When a gothic Victorian mansion appears out of nowhere, it never bodes well for anyone, and so it is with the community of Faraway Hills. But, as you can imagine, this is only the start of this macabre tale, originally serialised in the magazine Meanwhile. 
Collected now by Soaring Penguin, and presented in hardback, The Bad Bad Place – like their previous collaboration, Lip Hook – is very much seeped in the traditions and tropes of British horror; from M R James right through to Hammer House of Horror and beyond. But, it also has a strong stench of H P Lovecraft running right through it’s centre too, with creepy and slimy multi-tentacled creatures crawling from many a page as the story progresses and we learn more about the occupants of Castavette House; the aforementioned Victorian pile that appears out of nowhere to cast more than just a shadow over the local community. As you can tell from the name of the family home, even the names of many of the cast are a nod to horror classics from the past. There’s plenty of Easter eggs to keep horror fans happy as they pour through this episodic recount of the mystery that is the Castavette family and their house of horrors. But, even with all that taken into account, this is very much David Hiena dn Mark Stafford’s baby, even if that baby looks like a defined, demented demon-child. 

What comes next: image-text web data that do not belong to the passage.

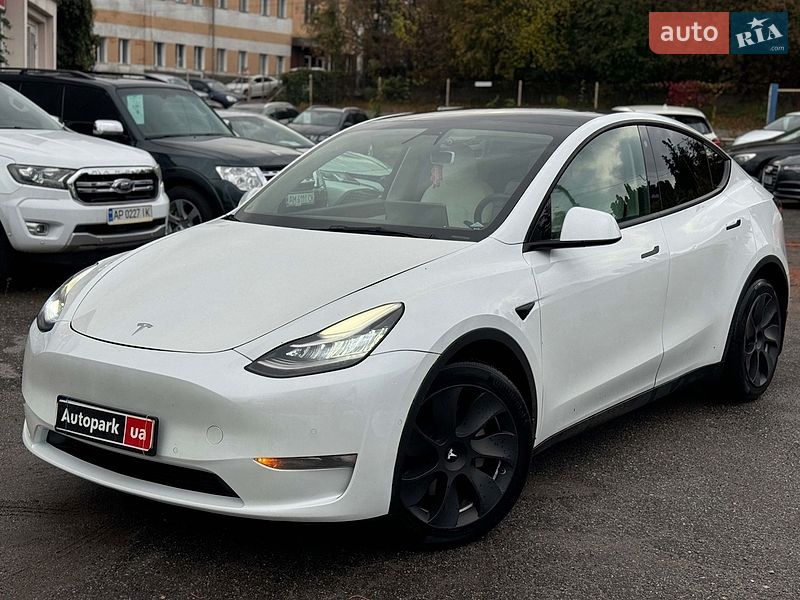 Tesla Model Y 2022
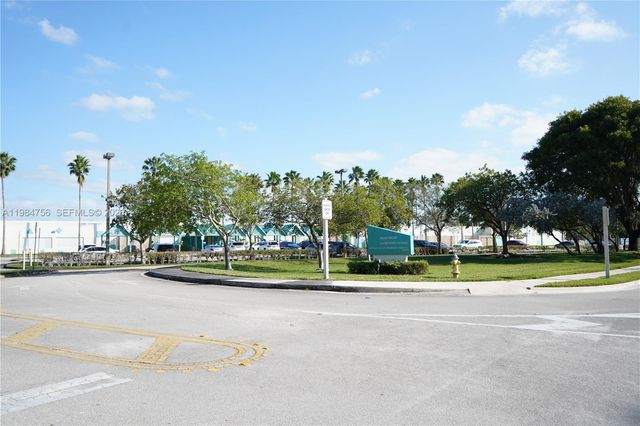 1471 NW 159th Ave, Pembroke Pines, FL 33028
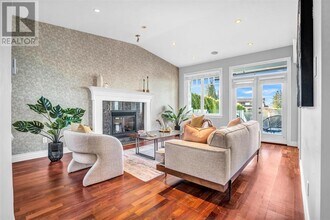 1197 Fulton Ave in West Vancouver, BC - Building Photo - Building Photo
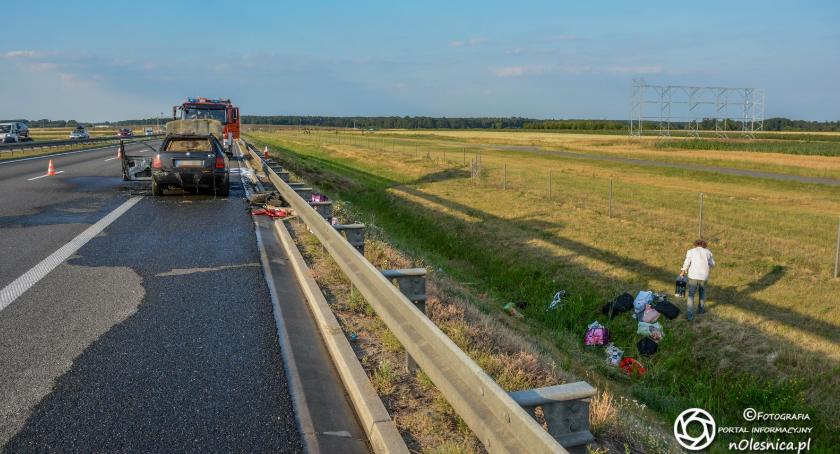 Spłonął samochód na trasie S8 koło Szczodrowa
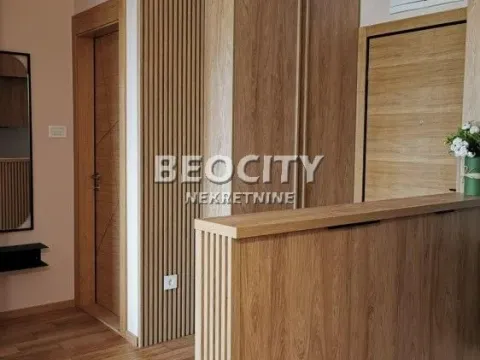 Izdavanje, dvosoban stan, 44m², Centar, Novi Sad - image 7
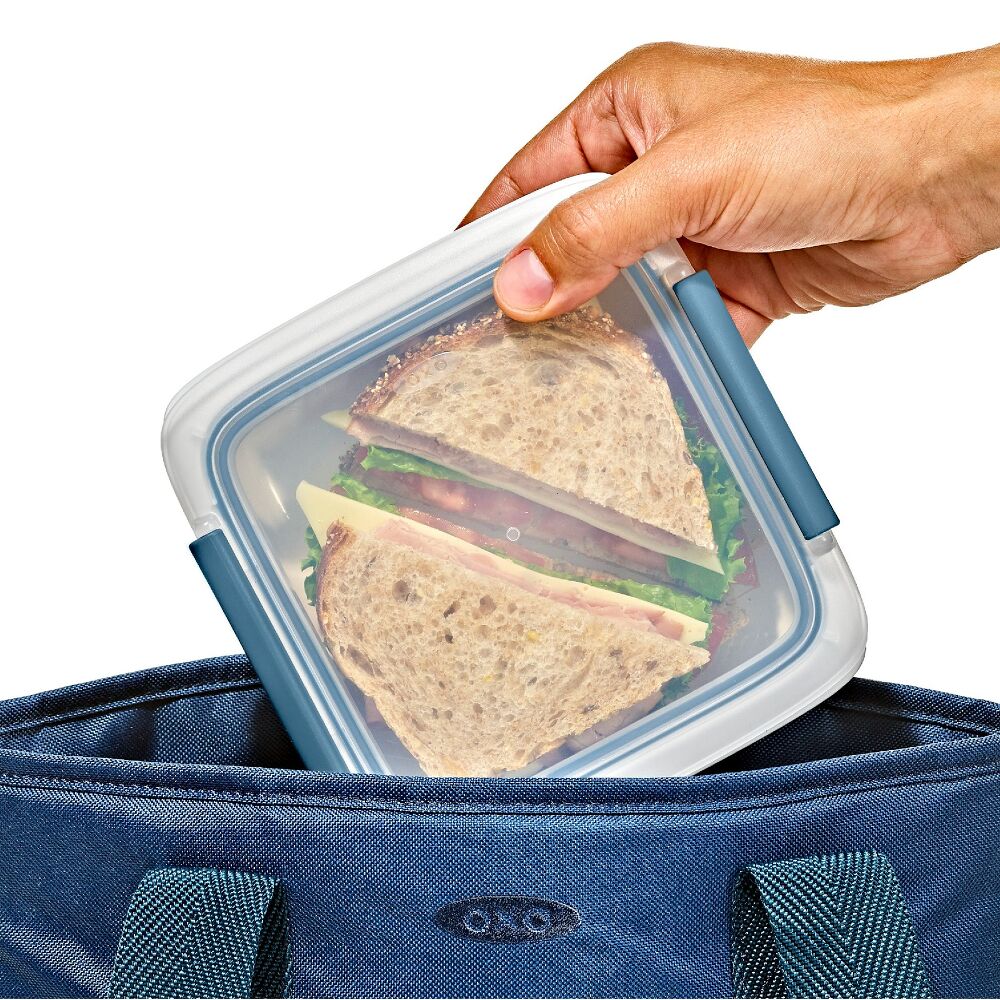 Prep & Go Slim Container with Removable Divider - 1.8 Cups/0.4 L Q3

We open up, firstly, with the strange sight of an ancient town crier – a very Bristish tradition, trust me – regaled in soiled and an out-of-place outfit that immediately draws attention to him. We soon learn that Faraway Hills has been deserted for a good while, and the reason behind this are soon explained by Ned Trench, the teen crier. It would seem that the Castavette Estate has more than its fair share of secrets and a pull on the local townsfolk that is fatal. Furthermore, the sterile new town of Faraway Hills is not all it seems; with the previous settlement better known as Crouch Heath, but cemented over many years ago. Unfortunately, they couldn’t cover up the dark history of the area forever. 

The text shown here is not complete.